Board has multiple steps to extract data from cubes:
- Extract Cube
- Export Data View to file
- Export Dataset
- Extract all cubes
All these steps save data as text or csv-files. We could save disk-space and increase performance by using parquet-files.
Head-to-head comparison
CSV
| Parquet
|
---|
Row-based storage format.
| A hybrid of Row-based and column-based storage formats.
|
It consumes a lot of space as no default compression option is available. For example, a 1TB file will occupy the same space when stored on Amazon S3 or any other cloud.
| Compresses data while storing, thus consuming less space. A 1 TB file stored in Parquet format will take up only 130GB of space.
|
Query run time is slow because of the row-based search.
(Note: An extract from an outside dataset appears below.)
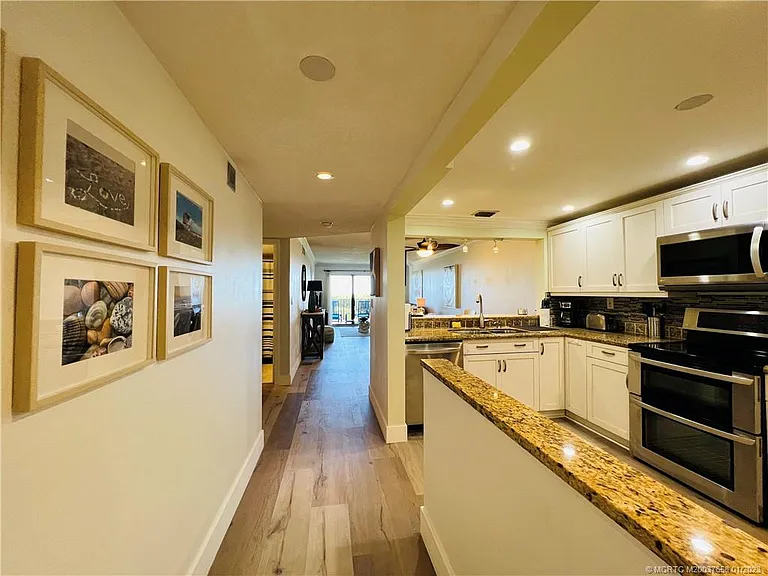 10044 S Ocean Dr #203 — Photo 7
For each column, every row of data has to be retrieved.
| Query time is about 34 times faster because of the column-based storage and presence of metadata.
|
More data has to be scanned per query.
| About 99% less data is scanned for the execution of the query, thus optimizing performance .
|
Most storage devices charge based on the storage space, so CSV format means the high storage cost.
| Less storage cost as data is stored in compressed, encoded format.
|
File schema has to be either inferred (leading to errors) or supplied (tedious).
| File schema is stored in the metadata.
|
The format is suitable for simple data types.
| Parquet is suitable even for complex types like nested schemas, arrays, dictionaries.
|
Please add option to extract Data as parquet file.
More information:
https://geekflare.com/parquet-csv-data-storage/
2. What specific problem are you trying to find a solution to, or what new scenario would this idea respond to?
Having a new format to save data for Board.
3. What workaround have you found and used so far (if any)?
No workaround available.